*ASSIGNMENT*: Look through the records below for the line with "CPA Lourdes La Basilique vue de Cote". Return that line and each one after it up to and including the line with "2012 Honda Accord", exactly.

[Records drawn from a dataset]
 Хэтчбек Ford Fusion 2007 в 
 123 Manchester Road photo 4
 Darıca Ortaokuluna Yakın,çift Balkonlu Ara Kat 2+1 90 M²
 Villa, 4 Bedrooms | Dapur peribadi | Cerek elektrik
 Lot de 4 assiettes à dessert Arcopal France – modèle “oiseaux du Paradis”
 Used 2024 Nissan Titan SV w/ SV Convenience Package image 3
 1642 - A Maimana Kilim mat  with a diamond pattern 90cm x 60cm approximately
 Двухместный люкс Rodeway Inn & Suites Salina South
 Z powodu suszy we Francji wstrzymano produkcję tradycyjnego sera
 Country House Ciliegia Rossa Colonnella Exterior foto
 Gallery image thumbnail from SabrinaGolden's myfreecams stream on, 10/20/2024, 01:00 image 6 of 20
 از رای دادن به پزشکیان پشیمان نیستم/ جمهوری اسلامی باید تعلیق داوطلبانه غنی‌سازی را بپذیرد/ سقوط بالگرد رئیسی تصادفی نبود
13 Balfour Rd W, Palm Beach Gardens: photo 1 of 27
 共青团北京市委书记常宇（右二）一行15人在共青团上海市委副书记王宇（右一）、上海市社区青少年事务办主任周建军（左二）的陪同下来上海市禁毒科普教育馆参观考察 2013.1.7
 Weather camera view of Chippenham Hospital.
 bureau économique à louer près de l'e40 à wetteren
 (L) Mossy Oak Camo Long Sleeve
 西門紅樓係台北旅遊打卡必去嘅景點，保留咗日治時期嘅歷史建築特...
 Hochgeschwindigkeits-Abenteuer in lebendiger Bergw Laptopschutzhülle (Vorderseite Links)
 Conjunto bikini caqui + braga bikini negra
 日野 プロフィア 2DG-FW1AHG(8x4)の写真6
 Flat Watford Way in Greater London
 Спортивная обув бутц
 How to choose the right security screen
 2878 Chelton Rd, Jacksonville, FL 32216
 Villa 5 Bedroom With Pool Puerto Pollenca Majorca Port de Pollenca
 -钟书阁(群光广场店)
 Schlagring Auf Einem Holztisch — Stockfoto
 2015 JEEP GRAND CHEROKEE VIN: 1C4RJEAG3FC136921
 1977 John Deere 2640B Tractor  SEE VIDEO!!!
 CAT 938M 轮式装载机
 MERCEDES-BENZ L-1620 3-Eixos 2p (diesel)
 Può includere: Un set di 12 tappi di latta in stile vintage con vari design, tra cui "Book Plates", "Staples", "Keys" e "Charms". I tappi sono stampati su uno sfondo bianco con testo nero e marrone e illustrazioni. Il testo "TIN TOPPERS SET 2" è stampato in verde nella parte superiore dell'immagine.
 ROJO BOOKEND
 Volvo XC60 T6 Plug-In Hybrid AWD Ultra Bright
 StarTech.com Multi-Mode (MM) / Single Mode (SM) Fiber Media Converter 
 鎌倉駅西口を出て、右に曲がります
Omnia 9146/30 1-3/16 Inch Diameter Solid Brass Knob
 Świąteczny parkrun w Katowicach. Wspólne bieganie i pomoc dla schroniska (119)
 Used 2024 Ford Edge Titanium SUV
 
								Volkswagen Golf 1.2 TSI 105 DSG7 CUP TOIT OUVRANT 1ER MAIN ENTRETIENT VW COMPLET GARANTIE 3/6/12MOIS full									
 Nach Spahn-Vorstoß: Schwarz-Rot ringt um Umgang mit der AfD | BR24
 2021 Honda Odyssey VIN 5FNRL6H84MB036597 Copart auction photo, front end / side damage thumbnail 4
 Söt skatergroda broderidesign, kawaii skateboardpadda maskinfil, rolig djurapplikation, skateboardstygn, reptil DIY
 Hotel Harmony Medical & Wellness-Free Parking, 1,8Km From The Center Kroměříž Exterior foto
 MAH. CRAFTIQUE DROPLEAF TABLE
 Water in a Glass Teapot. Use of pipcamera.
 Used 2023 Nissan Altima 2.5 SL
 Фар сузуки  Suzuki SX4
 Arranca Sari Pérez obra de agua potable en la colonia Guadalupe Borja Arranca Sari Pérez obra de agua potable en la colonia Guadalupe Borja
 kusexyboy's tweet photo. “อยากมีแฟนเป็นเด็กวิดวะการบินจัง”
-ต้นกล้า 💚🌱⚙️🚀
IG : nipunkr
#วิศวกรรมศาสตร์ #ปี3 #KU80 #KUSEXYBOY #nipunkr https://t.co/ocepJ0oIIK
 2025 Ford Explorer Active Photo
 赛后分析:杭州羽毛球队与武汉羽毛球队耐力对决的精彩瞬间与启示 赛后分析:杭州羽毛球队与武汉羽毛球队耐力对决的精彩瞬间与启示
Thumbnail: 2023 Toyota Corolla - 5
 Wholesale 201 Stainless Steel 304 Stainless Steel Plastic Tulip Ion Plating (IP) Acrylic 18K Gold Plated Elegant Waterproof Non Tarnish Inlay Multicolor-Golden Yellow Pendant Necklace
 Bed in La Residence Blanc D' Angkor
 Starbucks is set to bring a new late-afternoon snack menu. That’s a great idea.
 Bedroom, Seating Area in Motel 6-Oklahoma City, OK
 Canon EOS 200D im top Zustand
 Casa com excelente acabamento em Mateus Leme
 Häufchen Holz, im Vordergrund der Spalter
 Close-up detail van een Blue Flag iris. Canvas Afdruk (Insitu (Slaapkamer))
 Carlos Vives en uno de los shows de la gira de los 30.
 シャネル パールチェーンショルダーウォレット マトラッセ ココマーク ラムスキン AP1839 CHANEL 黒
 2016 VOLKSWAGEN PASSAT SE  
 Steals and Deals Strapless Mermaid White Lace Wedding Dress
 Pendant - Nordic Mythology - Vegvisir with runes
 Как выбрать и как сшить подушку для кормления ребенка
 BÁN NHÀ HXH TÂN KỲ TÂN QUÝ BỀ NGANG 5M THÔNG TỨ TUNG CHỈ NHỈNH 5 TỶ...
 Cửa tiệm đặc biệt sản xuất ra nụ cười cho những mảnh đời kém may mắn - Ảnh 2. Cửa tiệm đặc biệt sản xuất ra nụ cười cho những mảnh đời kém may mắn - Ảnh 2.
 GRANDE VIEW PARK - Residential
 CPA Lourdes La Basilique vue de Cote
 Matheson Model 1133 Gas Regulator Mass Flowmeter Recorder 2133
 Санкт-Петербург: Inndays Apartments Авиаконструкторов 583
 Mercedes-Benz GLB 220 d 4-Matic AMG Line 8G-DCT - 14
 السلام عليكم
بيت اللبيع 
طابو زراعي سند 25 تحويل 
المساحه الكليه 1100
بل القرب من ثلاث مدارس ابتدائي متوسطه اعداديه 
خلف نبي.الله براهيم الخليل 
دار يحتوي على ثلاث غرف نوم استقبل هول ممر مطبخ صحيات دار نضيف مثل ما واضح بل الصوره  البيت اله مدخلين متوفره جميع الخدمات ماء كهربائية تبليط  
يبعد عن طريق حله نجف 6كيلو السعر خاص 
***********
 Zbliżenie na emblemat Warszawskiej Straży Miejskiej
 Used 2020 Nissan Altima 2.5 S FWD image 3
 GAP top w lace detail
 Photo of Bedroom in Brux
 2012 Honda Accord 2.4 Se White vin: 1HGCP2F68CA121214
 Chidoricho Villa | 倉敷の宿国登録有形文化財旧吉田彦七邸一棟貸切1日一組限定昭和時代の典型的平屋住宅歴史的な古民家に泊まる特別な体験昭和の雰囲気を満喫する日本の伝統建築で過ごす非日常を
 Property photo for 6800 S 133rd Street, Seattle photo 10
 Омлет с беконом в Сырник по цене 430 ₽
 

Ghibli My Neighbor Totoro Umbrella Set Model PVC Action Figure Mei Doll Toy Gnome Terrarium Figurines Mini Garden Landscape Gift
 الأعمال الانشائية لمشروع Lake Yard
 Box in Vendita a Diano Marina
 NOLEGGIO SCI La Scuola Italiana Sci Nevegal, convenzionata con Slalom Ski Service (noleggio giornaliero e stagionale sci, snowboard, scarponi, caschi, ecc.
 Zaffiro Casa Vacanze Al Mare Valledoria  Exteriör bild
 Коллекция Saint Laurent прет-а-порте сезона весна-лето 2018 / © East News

*RESPONSE BELOW*:
 CPA Lourdes La Basilique vue de Cote
 Matheson Model 1133 Gas Regulator Mass Flowmeter Recorder 2133
 Санкт-Петербург: Inndays Apartments Авиаконструкторов 583
 Mercedes-Benz GLB 220 d 4-Matic AMG Line 8G-DCT - 14
 السلام عليكم
بيت اللبيع 
طابو زراعي سند 25 تحويل 
المساحه الكليه 1100
بل القرب من ثلاث مدارس ابتدائي متوسطه اعداديه 
خلف نبي.الله براهيم الخليل 
دار يحتوي على ثلاث غرف نوم استقبل هول ممر مطبخ صحيات دار نضيف مثل ما واضح بل الصوره  البيت اله مدخلين متوفره جميع الخدمات ماء كهربائية تبليط  
يبعد عن طريق حله نجف 6كيلو السعر خاص 
***********
 Zbliżenie na emblemat Warszawskiej Straży Miejskiej
 Used 2020 Nissan Altima 2.5 S FWD image 3
 GAP top w lace detail
 Photo of Bedroom in Brux
 2012 Honda Accord 2.4 Se White vin: 1HGCP2F68CA121214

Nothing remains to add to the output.